Another point in which the real fundamental diagram differs from the fundamental diagrams of all discussed here versions of the Nash - model is that the rising branch of the fundamental diagram in reality has a curvature. The reason for this is that, in reality, the maximum speed of the vehicle varies. The curvature begins when the first vehicles have reached their limit. To implement this in the model, the Nash model has been extended to multi-lane traffic rules and overtaking. Without these rules, different maximum principle would always lead to congestion, as fast vehicles would ascend to slow, but could not overtake.

In the deterministic case, the maximum is always at a density. For the laws of motion for vehicles are identical to those of gaps ( in the other direction ).
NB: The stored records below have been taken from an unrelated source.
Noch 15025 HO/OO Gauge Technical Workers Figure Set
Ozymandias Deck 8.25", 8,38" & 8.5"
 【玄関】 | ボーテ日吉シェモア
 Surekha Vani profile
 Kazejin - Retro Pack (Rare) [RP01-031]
Therefore, the maximum is there readily apparent at the location where the vehicle can move as freely gaps ().

Applications

The Nash model was further developed by Kai Nagel in the United States for parallel computers and marketed under the name ' TRANSIMS '. It is interesting that the algorithm is not allowed to simply parallelize on vector computers and therefore Beowulf cluster are used. Meanwhile, TRANSIMS has been applied to simulate the entire Swiss traffic in real time, with about 10 million vehicles.

In Germany is the model - with extensions - the basis of OLSIM traffic forecast for the freeway traffic in North Rhine -Westphalia, which is on the website listed below to the public.